Monday, May 10, 2010
Technische Universität Berlin
Fakultät II, Institut für Mathematik
Str. des 17. Juni 136
room MA 041
Lecture - 14:15
In this talk we present recent results on the number of labelled planar graphs and corresponding enumeration methods. We also discuss the power and limitations of each method. In addition we discuss typical properties of planar graphs.
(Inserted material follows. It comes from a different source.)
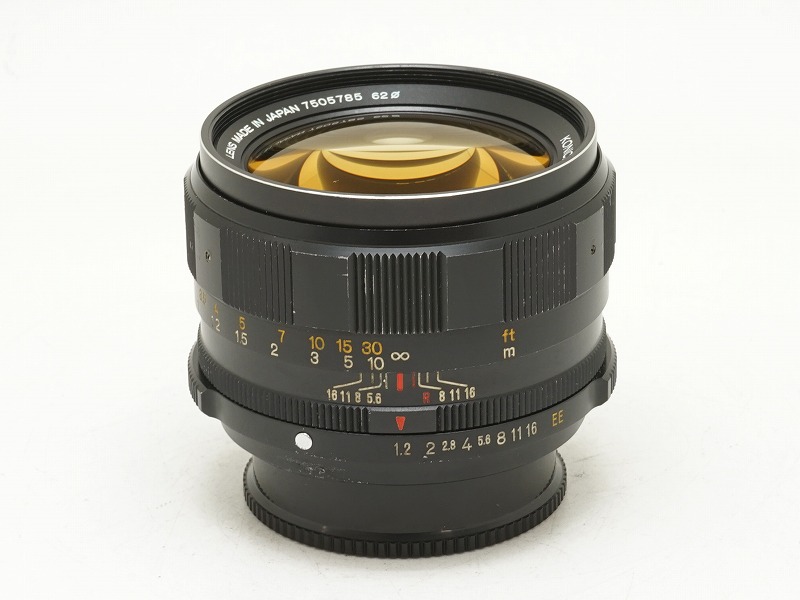 HEXANON AR 57mm F1.2 (ヘキサノン)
Gimenez and Noy recently settled the long-standing open problem of determining the asymptotic number of labelled planar graphs with $n$ vertices and $M$ edges, using the singularity analysis of generating functions. The number of edges considered in the work of Gimenez and Noy is restricted to be of the form $an$ for $1 < a <3$. In this range of $M$, a random planar graph $P(n,M)$ contains a large component of size $n-O(1)$, all planar graphs of finite size appear as its subgraphs. Thus, it corresponds to late stages of the evolution of the Erdos-Renyi random graph $G(n,M)$. Kang and Luczak studied the number of planar graphs and its typical properties in a more interesting range, when $M\le n$, combining counting arguments with analytic and probabilistic techniques. Apart from these methods, the matrix integral method from theoretical physics was successfully applied to planar graphs. Kang and Loebl showed that the enumeration of graphs embeddable on a surface can be formulated as the Gaussian matrix integral of an ice-type partition function, where the number of planar graphs appears as a leading term.
Colloquium - 16:00
The normal Euler class for a simplicial surface in four-space can be defined by analogy with the geometric description of this class for a smooth surface. We present a combinatorial formula for the normal Euler class in terms of the self-linking numbers of spherical polygons and inflection faces of polyhedra, related to a construction of Gromov, Lawson, and Thurston. The talk will feature computer graphics illustrations.